▸ EXERCISE BRIEF
Copy out each record that follows exactly, and omit any picture you find.
====================
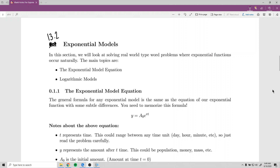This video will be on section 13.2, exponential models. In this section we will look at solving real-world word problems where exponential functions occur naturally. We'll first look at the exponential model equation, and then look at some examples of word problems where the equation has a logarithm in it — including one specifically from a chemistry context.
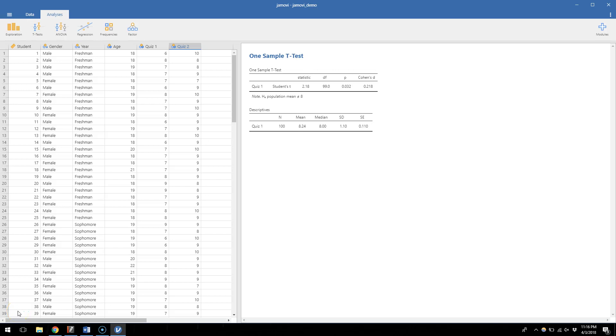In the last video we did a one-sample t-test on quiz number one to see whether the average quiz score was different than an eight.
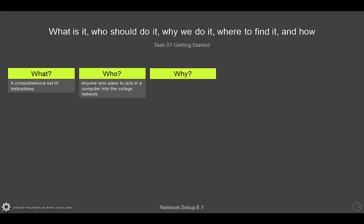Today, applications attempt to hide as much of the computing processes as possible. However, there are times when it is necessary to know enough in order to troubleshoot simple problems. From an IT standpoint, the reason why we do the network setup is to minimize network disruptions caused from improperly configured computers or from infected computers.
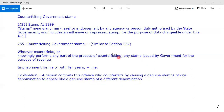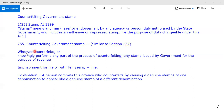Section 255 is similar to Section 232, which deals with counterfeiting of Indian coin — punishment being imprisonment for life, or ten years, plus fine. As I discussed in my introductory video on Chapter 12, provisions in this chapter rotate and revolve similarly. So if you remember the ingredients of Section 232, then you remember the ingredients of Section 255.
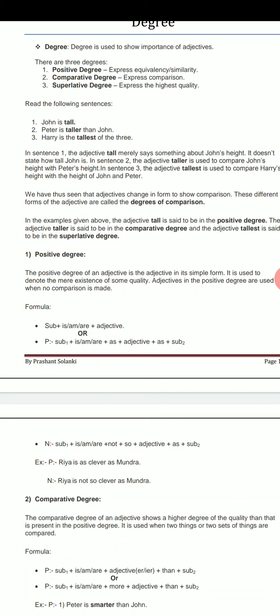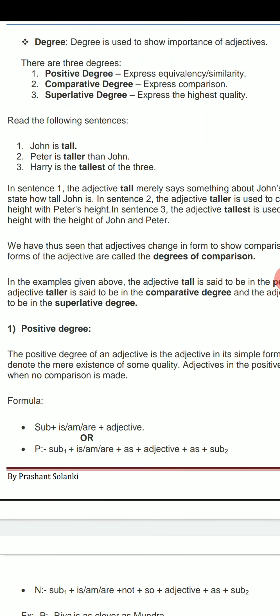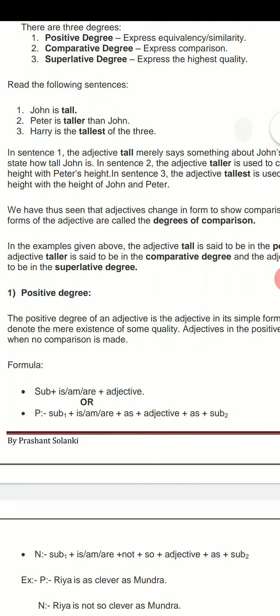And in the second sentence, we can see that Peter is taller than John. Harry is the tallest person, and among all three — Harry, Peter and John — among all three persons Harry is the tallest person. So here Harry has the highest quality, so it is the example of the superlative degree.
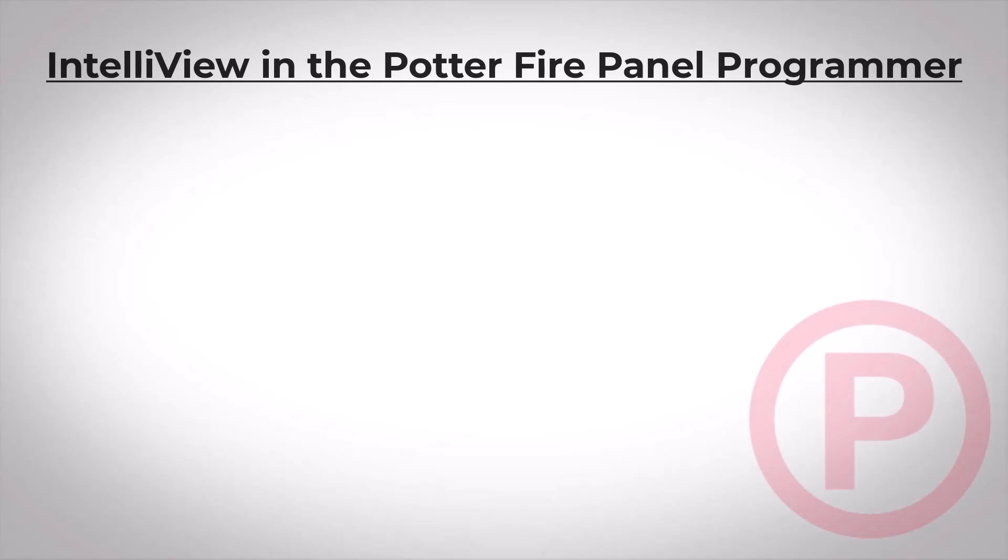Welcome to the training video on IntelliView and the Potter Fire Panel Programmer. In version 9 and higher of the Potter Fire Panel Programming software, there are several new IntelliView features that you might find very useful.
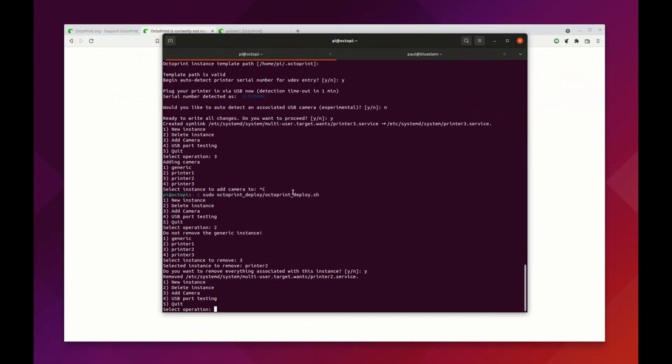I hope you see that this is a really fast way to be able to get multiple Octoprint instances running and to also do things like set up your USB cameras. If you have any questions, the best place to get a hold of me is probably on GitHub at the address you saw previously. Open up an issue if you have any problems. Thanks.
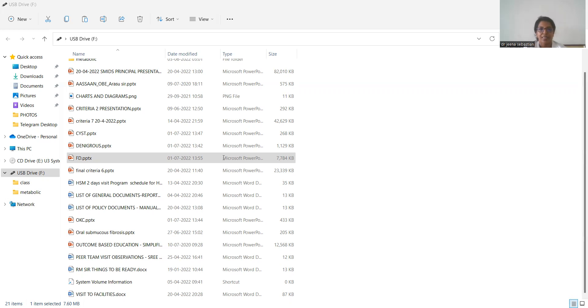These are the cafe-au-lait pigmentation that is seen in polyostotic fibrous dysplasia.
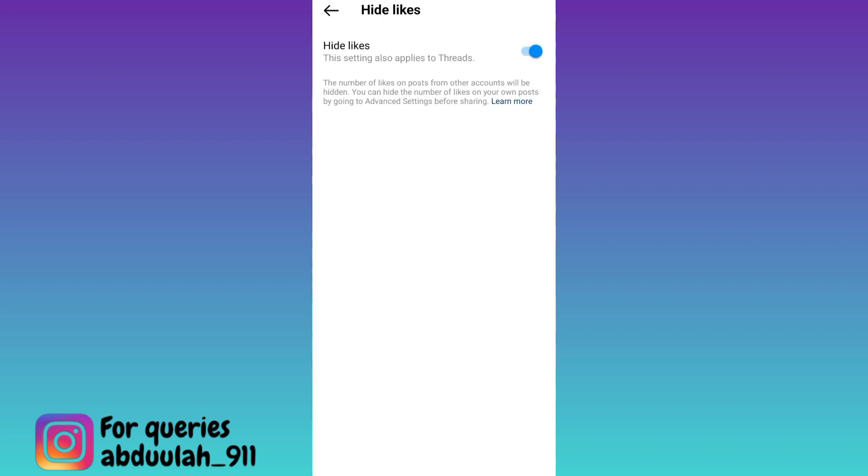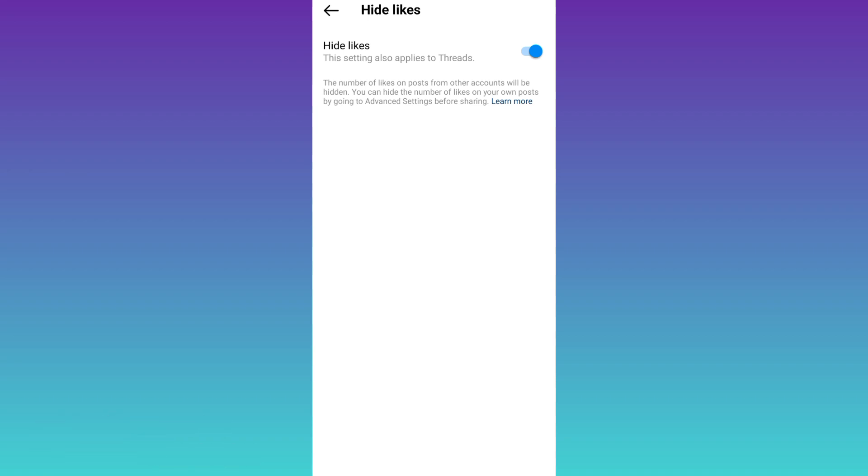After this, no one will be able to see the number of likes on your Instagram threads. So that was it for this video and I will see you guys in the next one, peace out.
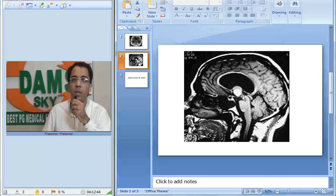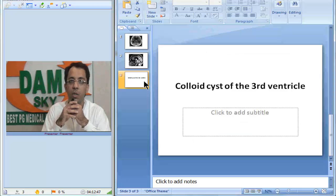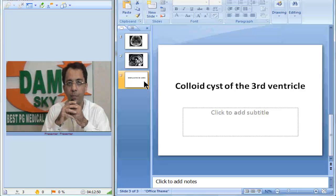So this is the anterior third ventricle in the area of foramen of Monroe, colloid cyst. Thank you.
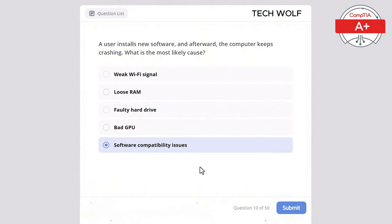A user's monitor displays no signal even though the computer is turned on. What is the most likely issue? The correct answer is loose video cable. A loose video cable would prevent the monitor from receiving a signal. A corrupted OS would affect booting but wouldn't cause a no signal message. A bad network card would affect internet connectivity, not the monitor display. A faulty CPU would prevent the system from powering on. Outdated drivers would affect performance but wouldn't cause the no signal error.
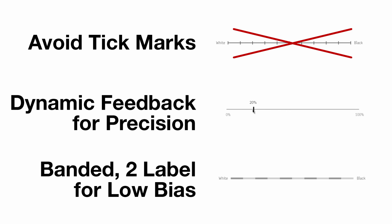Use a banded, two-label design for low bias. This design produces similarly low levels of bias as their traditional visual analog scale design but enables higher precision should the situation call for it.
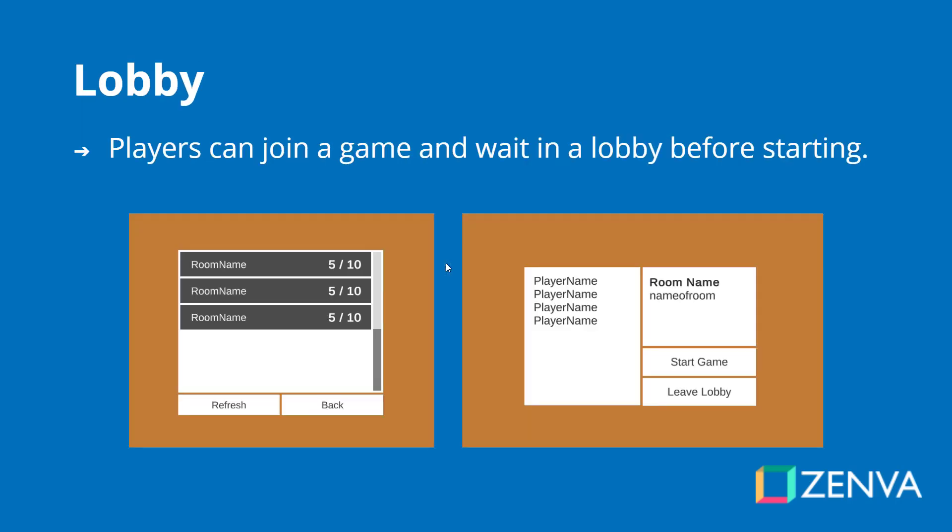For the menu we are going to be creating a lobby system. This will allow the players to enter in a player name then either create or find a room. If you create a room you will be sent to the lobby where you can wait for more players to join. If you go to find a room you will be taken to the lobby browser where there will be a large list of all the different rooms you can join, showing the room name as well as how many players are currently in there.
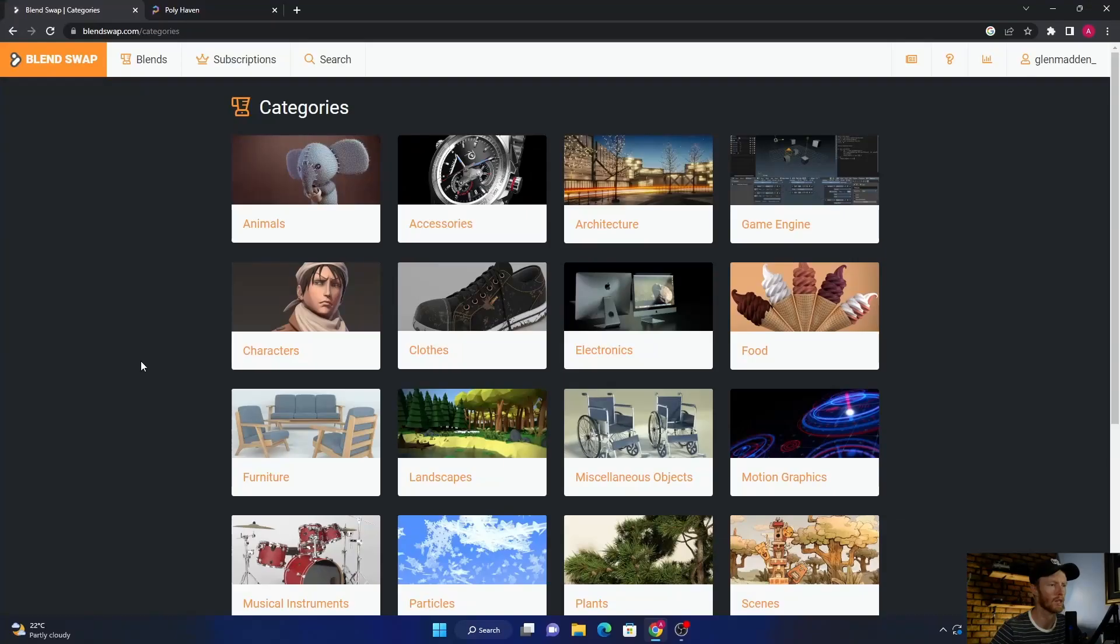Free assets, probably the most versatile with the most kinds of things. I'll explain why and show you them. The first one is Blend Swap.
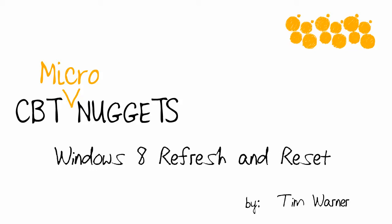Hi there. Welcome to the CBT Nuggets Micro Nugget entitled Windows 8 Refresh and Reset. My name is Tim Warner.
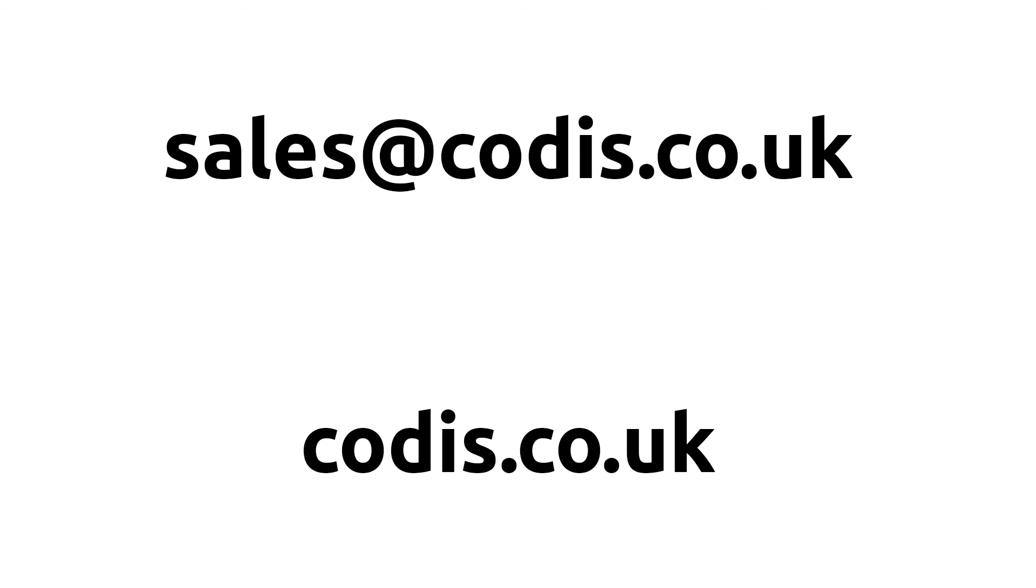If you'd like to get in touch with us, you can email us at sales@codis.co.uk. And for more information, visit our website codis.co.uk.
====================
▸ ANSWER BOX
This video will be on section 13.2, exponential models. In this section we will look at solving real-world word problems where exponential functions occur naturally. We'll first look at the exponential model equation, and then look at some examples of word problems where the equation has a logarithm in it — including one specifically from a chemistry context.
In the last video we did a one-sample t-test on quiz number one to see whether the average quiz score was different than an eight.
Today, applications attempt to hide as much of the computing processes as possible. However, there are times when it is necessary to know enough in order to troubleshoot simple problems. From an IT standpoint, the reason why we do the network setup is to minimize network disruptions caused from improperly configured computers or from infected computers.
Section 255 is similar to Section 232, which deals with counterfeiting of Indian coin — punishment being imprisonment for life, or ten years, plus fine. As I discussed in my introductory video on Chapter 12, provisions in this chapter rotate and revolve similarly. So if you remember the ingredients of Section 232, then you remember the ingredients of Section 255.
And in the second sentence, we can see that Peter is taller than John. Harry is the tallest person, and among all three — Harry, Peter and John — among all three persons Harry is the tallest person. So here Harry has the highest quality, so it is the example of the superlative degree.
Welcome to the training video on IntelliView and the Potter Fire Panel Programmer. In version 9 and higher of the Potter Fire Panel Programming software, there are several new IntelliView features that you might find very useful.
I hope you see that this is a really fast way to be able to get multiple Octoprint instances running and to also do things like set up your USB cameras. If you have any questions, the best place to get a hold of me is probably on GitHub at the address you saw previously. Open up an issue if you have any problems. Thanks.
These are the cafe-au-lait pigmentation that is seen in polyostotic fibrous dysplasia.
After this, no one will be able to see the number of likes on your Instagram threads. So that was it for this video and I will see you guys in the next one, peace out.
So this is the anterior third ventricle in the area of foramen of Monroe, colloid cyst. Thank you.
A user's monitor displays no signal even though the computer is turned on. What is the most likely issue? The correct answer is loose video cable. A loose video cable would prevent the monitor from receiving a signal. A corrupted OS would affect booting but wouldn't cause a no signal message. A bad network card would affect internet connectivity, not the monitor display. A faulty CPU would prevent the system from powering on. Outdated drivers would affect performance but wouldn't cause the no signal error.
Use a banded, two-label design for low bias. This design produces similarly low levels of bias as their traditional visual analog scale design but enables higher precision should the situation call for it.
For the menu we are going to be creating a lobby system. This will allow the players to enter in a player name then either create or find a room. If you create a room you will be sent to the lobby where you can wait for more players to join. If you go to find a room you will be taken to the lobby browser where there will be a large list of all the different rooms you can join, showing the room name as well as how many players are currently in there.
Free assets, probably the most versatile with the most kinds of things. I'll explain why and show you them. The first one is Blend Swap.
Hi there. Welcome to the CBT Nuggets Micro Nugget entitled Windows 8 Refresh and Reset. My name is Tim Warner.
If you'd like to get in touch with us, you can email us at sales@codis.co.uk. And for more information, visit our website codis.co.uk.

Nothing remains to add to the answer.